Case 1: A 50-year-old woman noticed right motor and sensory disturbances. CT scan revealed a mass lesion showing high density with some contrast enhancement located at the left frontal lobe to the ambient cistern. Angiography demonstrated an abnormally tortuous and dilated left internal carotid artery at the C1 to C3 portion and extremely delayed circulation time. The operation was performed to clip the proximal portion of the internal carotid artery after STA-MCA anastomosis. The postoperative course was excellent, and the angiogram demonstrated good functional anastomosis and obliteration of the dolichoectasia.

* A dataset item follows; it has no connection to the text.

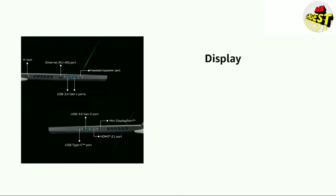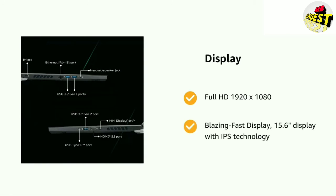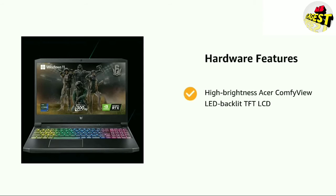It has a Full HD 1920x1080 blazing-fast display — a 15.6-inch panel with IPS technology. It also features High Brightness Acer Comfy View LED Backlit TFT LCD.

Case 2: A 53-year-old men had experienced left hemiparesis in 1978. In 1981, he again no-ticed deteriorated right motor and sensory function. CT scan showed a mass lesion having contrast enhancement by the clivus. Angiography demonstrated the tortuous and dilated vertebrobasilar artery and the dilated internal carotid and middle cerebral (M1) arteries. Emission tomography (Tomomatic 32) revealed diffuse low perfusion of the cerebrum, especially at the right frontoparietal area. STA-MCA anastomosis was performed to improve the cerebral blood flow and left hemiparesis.
These two cases suggested a possibility of surgical treatment of dolichoectasia by STA-MCA anastomosis.